The loops era has a cost problem. Open-source models are 40% of the answer.

Two things are true at once this season. Frontier pricing keeps climbing — Fable 5 launched at $10/$50 per million tokens, double Opus. And open-weight small models quietly crossed the only line that matters: good enough for the turn in front of them. Gemma 4 ships Apache-2.0 in sizes from 2B to 31B, with the 12B running on an ordinary 16GB laptop; Mistral's latest small model folds instruct, reasoning, and coding into one checkpoint with a 256k window. These are no longer toys.

Agents aren't requests. They're loops.

The cost structure of AI changed when the unit of work became the loop: plan → edit → run tests → read the error → retry. A single task is dozens or hundreds of turns, and every turn re-sends the growing context. Now look at what those turns actually are. A handful need real intelligence — the plan, the tricky diagnosis, the design call. The rest are mechanical: parse this traceback, rename that symbol, summarize the diff, decide whether the tests passed. Frontier models charge frontier prices for grep-shaped work.

Paying $50 per million output tokens to read a test log is like hiring a surgeon to take your temperature — on a retainer that bills per minute, in a hospital where temperatures get taken four hundred times a night.

The arithmetic of the inner loop

Take a 200-turn agentic task. Routed entirely to a frontier model, the mechanical middle of that loop dominates the bill. Route those turns to a small open model instead and the line item collapses: hosted open-weight inference runs one to two orders of magnitude cheaper — and on your own hardware, the marginal cost is electricity. A Gemma-4-12B on the laptop your developer already owns prices the inner loop at approximately zero. This is the same subscription-arbitrage logic that makes Claude Max capacity free at the margin, extended one ring further out: the cheapest token is the one served by silicon you already paid for.
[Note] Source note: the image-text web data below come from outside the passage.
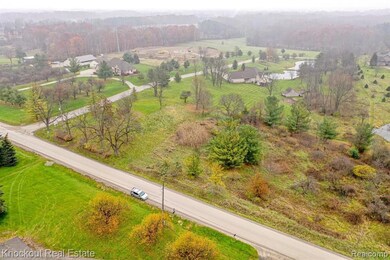 9338 Orchard Valley Ln, Davison, MI 48423 - photo 7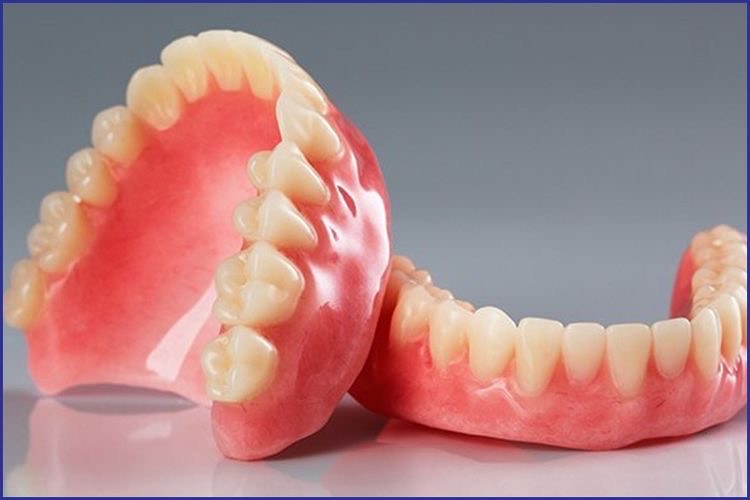 شناخت انواع دندان مصنوعی (دندان مصنوعی متحرک و ثابت)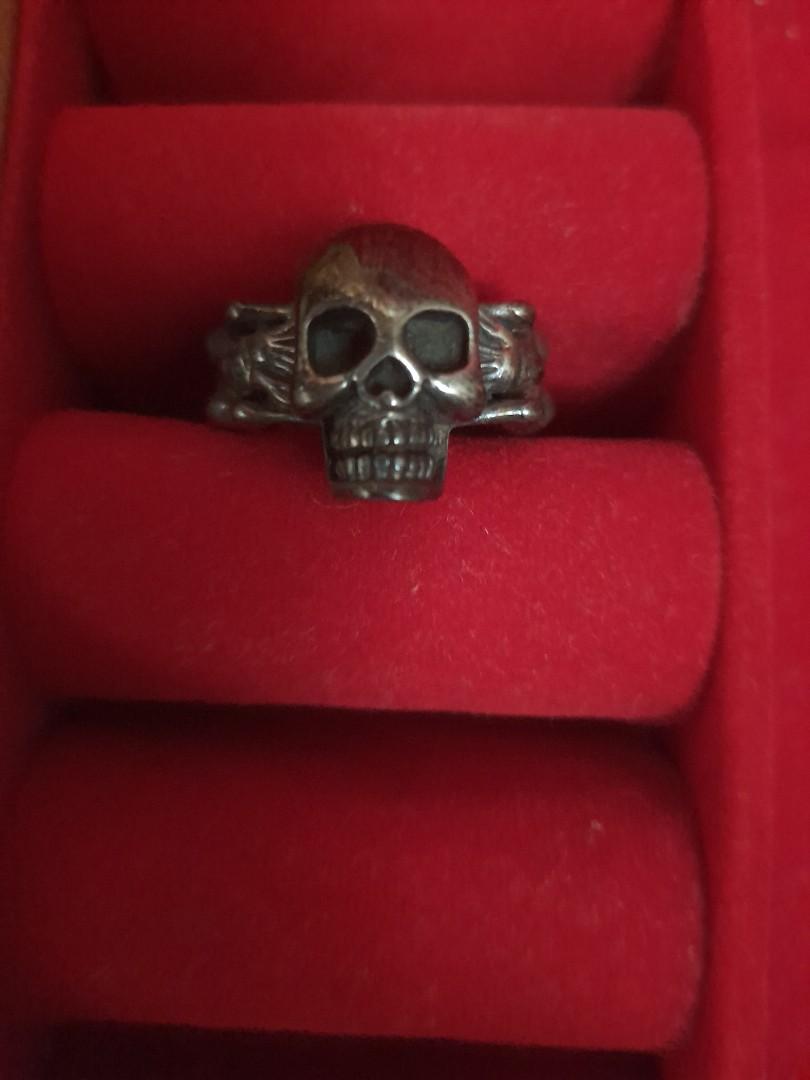 SPECIAL OFFER !! Genuine Silver skull ring Slash inspire design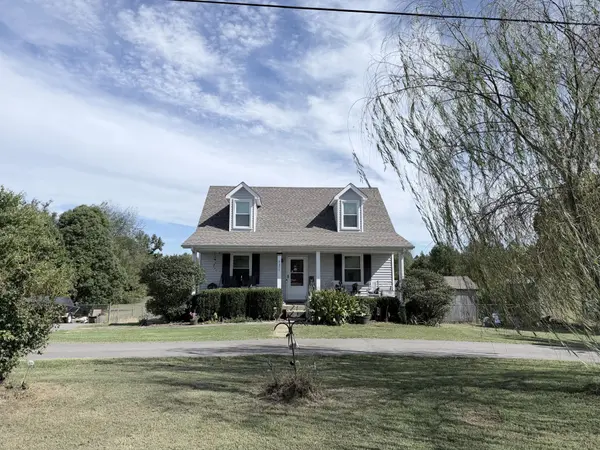 2671 Holt Ln, Clarksville, TN 37043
The mix, with the third band filled in

We keep drawing the same picture: of 10,000 monthly sessions, roughly 25% earn the frontier model, 35% are fine on mid-tier, and 40% would not get worse on an open model. Until recently that third band was theoretical — the open models weren't reliable enough for unattended turns. Gemma 4 and the current Mistral generation are what changed. The 40% band now has inhabitants, and they cost approximately nothing.

What belongs in it: inner-loop mechanical turns, classification and triage, summarization, retry-and-check cycles, high-volume customer chat, and every cron that's been running on Opus since March because nobody looked.

The missing piece was never the model

It's the routing. Nobody hand-picks a model per turn — which is why everything runs on the expensive default. That's exactly what a routing policy is for: a rule like "inner-loop turns and chat go to the open tier; escalate after two failures; anything tagged production gets the frontier" — written once, enforced on every session. The session layer is model-agnostic by design, so as open models keep improving, upgrading your mix is a policy edit, not a migration. Hosted open-weight endpoints route today; local-first — your agents' inner loops running on your own machines' silicon — is where this is headed, and the economics make it inevitable.

The takeaway

Frontier models will keep winning the hard 25%. But the loops era multiplies the easy 75%, and open source just got good enough to take the biggest slice of it. The teams that wire that routing up this year will quietly run agent fleets at a third of their neighbors' cost — same output, smaller invoice, and a laptop doing what a $50/M model used to.